Mentre inizia la campagna per il referendum, l'organo di autogoverno vuole citare in giudizio il suo ex membro radiato: "Pregiudizio all'immagine"
Un danno da oltre duecentomila euro – precisamente 202.817 – per “l’utilizzo distorto della posizione rivestita” e il “pregiudizio all’immagine del Consiglio in termini di onorabilità“. È il maxi-risarcimento che il Consiglio superiore della magistratura si prepara a chiedere a Luca Palamara, l’ex pm membro dell’organo tra il 2014 e il 2018 e radiato dall’ordine giudiziario dopo lo scandalo nomine del 2019. Mentre il nome di Palamara è al centro della campagna referendaria sulla giustizia – usato dal fronte del Sì come spauracchio contro le correnti delle toghe – il Comitato di presidenza del Csm ha deciso di citarlo davanti al giudice civile: la proposta di delibera, all’ordine del giorno dell’ultima seduta, riporta integralmente un parere dell’Ufficio studi secondo cui la vicenda ha avuto una “eccezionale notorietà” e “continua, anche attualmente, a indebolire gravemente” il prestigio dell’organo e dell’intera magistratura. Per questo, secondo gli esperti di palazzo Bachelet, il danno alla reputazione va stimato in “una somma base non inferiore a centomila euro“, mentre ammonta a 102.817 euro quello “alla funzionalità e al buon andamento dell’ente” causato dallo sviamento della funzione dell’ex consigliere. Durante il mandato, infatti, l’ex re delle correnti ha perseguito i suoi fini privati invece dell’interesse pubblico, ad esempio mettendo a disposizione il suo ruolo per “aggiustare” gli affari giudiziari di alcuni imprenditori in cambio di varie utilità (in particolare soggiorni pagati e le la partecipazione, da socio occulto, agli utili di un locale su una spiaggia in Sardegna).
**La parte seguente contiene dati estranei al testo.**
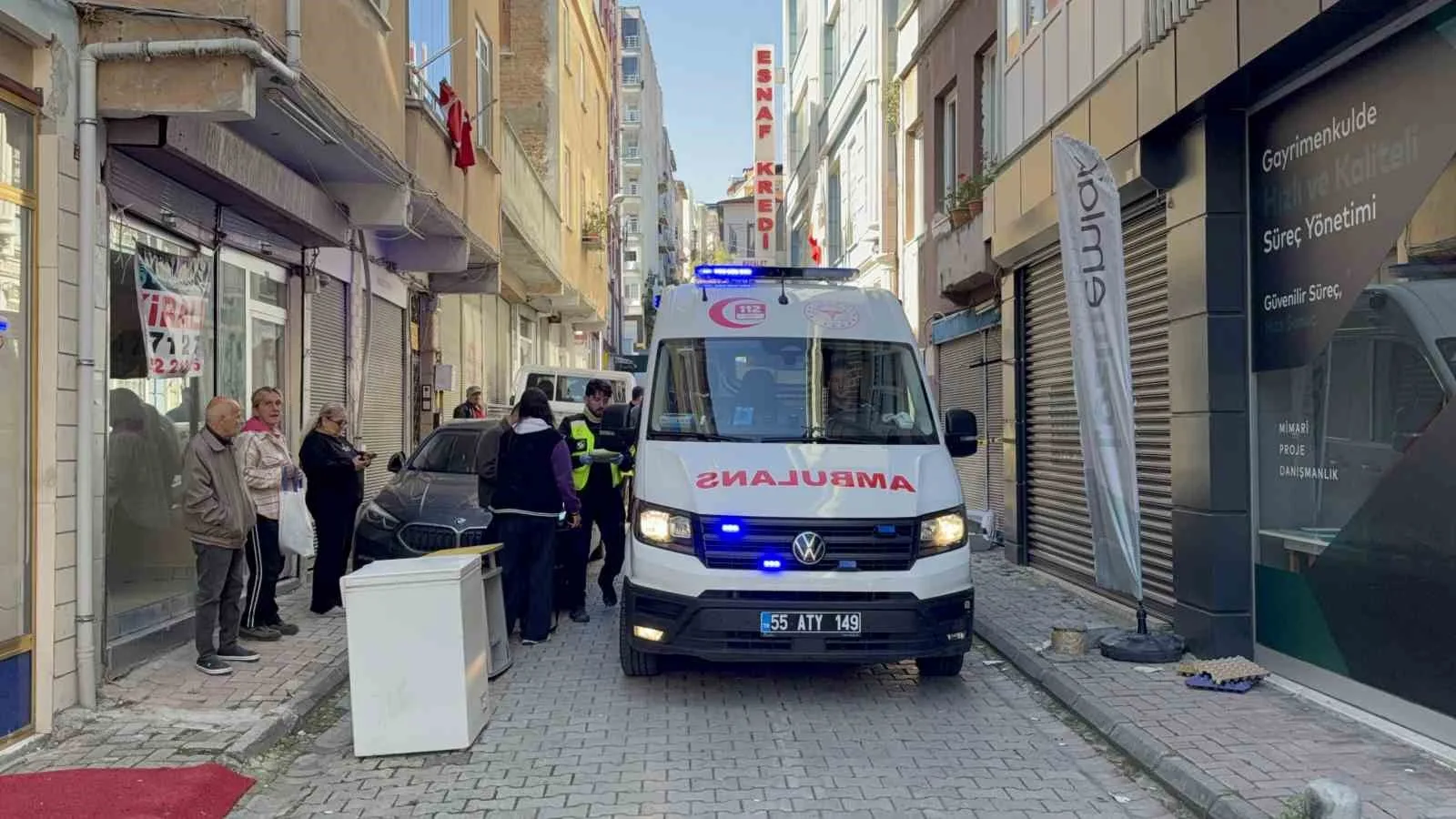 SAMSUN’UN İLKADIM İLÇESİNDE BİR KİŞİ SOKAK ORTASINDA SİLAHLI SALDIRIYA UĞRAYARAK YARALANDI.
Il Consiglio – pur con qualche resistenza interna – si era già costituito parte civile nei due processi penali a Palamara, conclusi entrambi con patteggiamenti per traffico d’influenze (l’accusa iniziale era di corruzione) per una condanna complessiva a un anno e quattro mesi di reclusione. La sentenza di patteggiamento, però, per natura non si esprime sul risarcimento del danno: l’organo di autogoverno, quindi, dovrà tentare di ottenerlo in un giudizio separato. Nel frattempo in realtà l’ex magistrato era finito a processo per danno erariale davanti alla Corte dei conti, da cui è uscito col rito abbreviato versando 64.500 euro al ministero della Giustizia e altrettanti al Csm, per un totale di 129mila euro. Secondo l’Ufficio studi di palazzo Bachelet, però, questo non preclude la richiesta di un ulteriore risarcimento, per arrivare (“detratto quanto già ottenuto”) all’intero danno quantificato dalla Procura della Corte dei conti, che ammontava a 515mila euro, di cui la metà spettanti al Csm. Il parere peraltro giudica “eccessivamente riduttiva” la quantificazione del danno d’immagine fatta dai pm contabili, che l’avevano stimato in circa 66mila euro: lo scandalo del 2019, si legge, ha effetti “ancora attuali per la sua capacità di resistenza all’offuscamento dei ricordi” e ha “determinato un effetto di discredito ed un sentimento di sfiducia dei cittadini nei confronti dell’organo”. La richiesta, quindi, va alzata ad almeno centomila euro.
L’approvazione della delibera è stata rinviata su richiesta del vicepresidente del Csm Fabio Pinelli, per aggiornare il parere dell’Ufficio studi tenendo conto di una memoria presentata dagli avvocati di Palamara alla vigilia della discussione. Nel documento, i legali Arturo Cancrini e Roberto Rampioni ricordano che il loro assistito è stato processato anche in base alle dichiarazioni di Piero Amara, ex consulente dell’Eni attualmente indagato per calunnia a Perugia: e nel procedimento contro Amara, sottolineano, Palamara è stato individuato come parte offesa (cioè calunniato) “in relazione ai medesimi fatti oggetto della sentenza di patteggiamento”. Circostanze che, si legge, “incidono direttamente sulla valutazione del nesso causale e sull’individuazione della condotta lesiva, e come tali escludono qualsivoglia addebito in capo al dottor Palamara”, il quale anzi si “riserva di esperire tutte le azioni giudiziarie a tutela della sua onorabilità comprensive evidentemente della revisione delle sentenze di patteggiamento in questione”. Il Csm deciderà quindi sull’azione di risarcimento danni in una seduta successiva, sulla base anche di queste considerazioni. Che potrebbero arrivare a cambiare la proposta del Comitato di presidenza.